PALM DESERT, Calif.--If you're going to spend the cash to charter a private jet, shouldn't it be easy to book the plane?
You would think the industry would simplify things for the wealthy, but that's not the case, according to start-up FlyRuby, which unveiled its service at thehere today. Indeed, company CEO Michael Leek says that it can often take hours to figure out a suitable private plane charter between two cities. And that's just not efficient.
That's where FlyRuby comes in, Leek said. A former U.S. Marine with a passion for the aviation industry, Leek said he wanted to identify the inefficiencies in the industry--and he realized that one of the biggest was that there was no simple way to quickly identify the specific plane that makes the most sense for a flight.
Here's the problem, he said: There are thousands of small private jet operators, all of which are vying for business, but there's not been a system that aggregates the availability of all those planes. Now, thanks to a nine-year, $95 million DARPA and Air Force research program licensed by Carnegie Mellon University--and which FlyRuby is incorporating into its software--there's a way. It's an artificial intelligence-based dynamic scheduling system that can pinpoint, what Leek said, is the best available plane that a customer could use to get between two cities, or even make a round trip.
To start with, Leek explained, FlyRuby's system tries to find any jets known to be empty that are flying in the same direction as a customer. If none is quickly identified, the next step is to look for planes that are going to be flying empty back to the destination city. If that doesn't return results, then the next step is to look for planes that are already sitting on the ground in the departure city.
The result of these searches is that FlyRuby can return as many as 5,000 possible flights in as little as 5 seconds, Leek said.

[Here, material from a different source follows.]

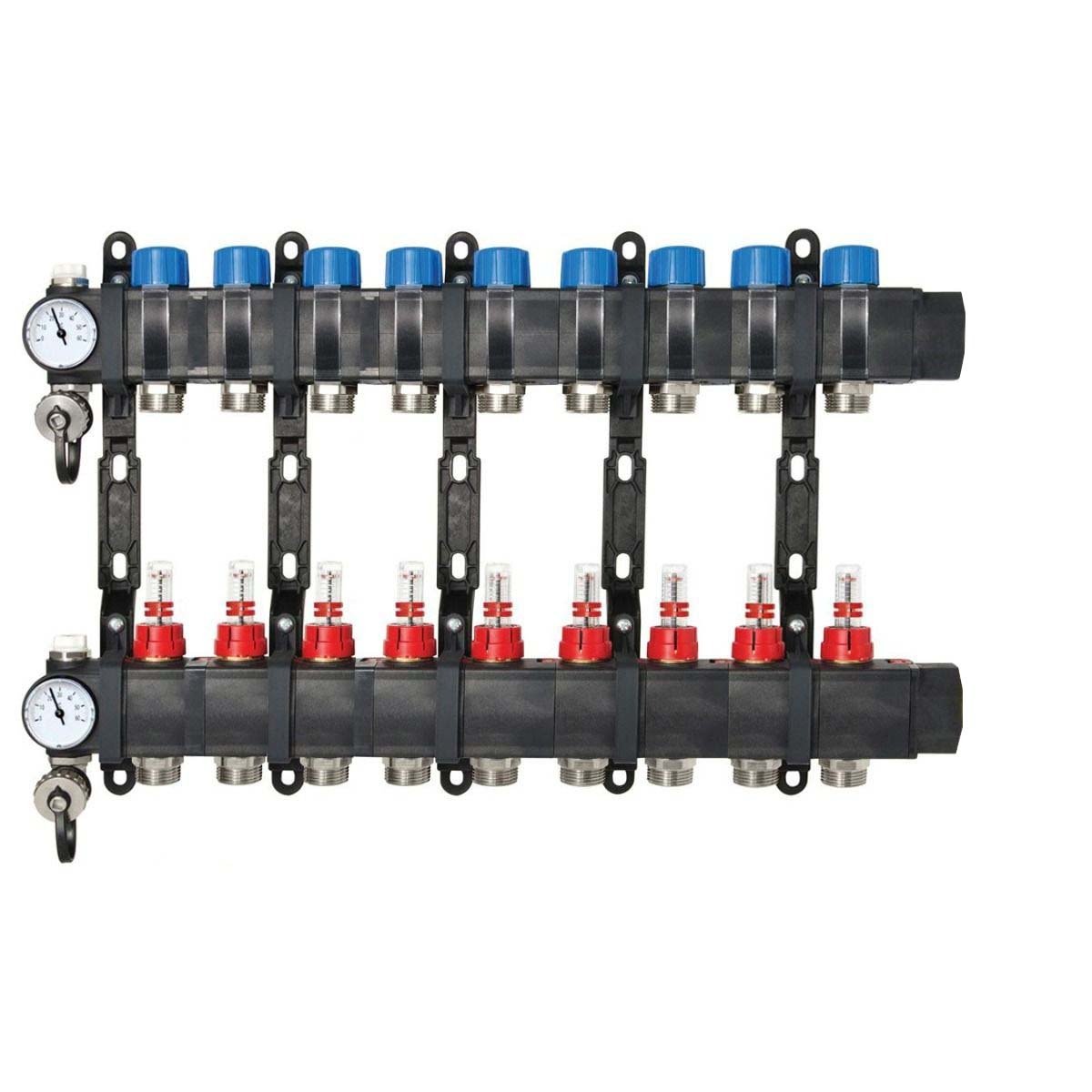 Collecteur 9 départs, composite, modulaire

All in all, the idea is to make it as easy to identify and book a private plane flight as it currently is to book a ticket on a commercial airline. And lest you think that there isn't a big enough market to support such a business, Leek said that there is currently about $50 billion a year spent on private jet travel in the United States.
Of that, the flight costs alone amount to about $30 billion, he added. Yet about 40 percent of all the flights are empty, meaning that there are many, many millions, if not billions, of dollars that are being lost to inefficiency, Leek said.
While FlyRuby says it is the first to put together a system for aggregating private jet charters, anyone who remembers Richard Branson's ill-fated Virgin Charter will know that there have been similar efforts in the past. Then again, Branson's initiative couldn't figure out a way to solve the problem.
This isn't necessarily a low-cost play, Leek said. In fact, FlyRuby isn't talking about price, or how much money it can save its customers on the cost of flights, or even if it can do so.
The problem FlyRuby is really solving, Leek said, is how hard it is to identify appropriate charter flights. The company is offering potential customers the ability find the right flight in a matter of minutes, not hours. And while it would seem likely that it's usually the assistants of the people doing the flying who are doing the research, it would probably still be a major improvement for these customers if FlyRuby can do what it says.
This, of course, is a market that most of us won't ever be taking part in. Even if flights are less expensive, or easier to find, than they've been in the past, private jet travel is still going to be too costly for most. But for those who do fly this way, or for those who own or operate the planes, it's certain that finding ways to streamline the process will be a major benefit. So if FlyRuby can in fact deliver on this promise, it's likely to be a plus across the board--in terms of a reduction in lost potential revenue, lost hours of time searching for flights, and even in greenhouse gases.
The next step? To find a way to make this industry efficient enough that even those who fly commercial can take advantage of charter jet travel.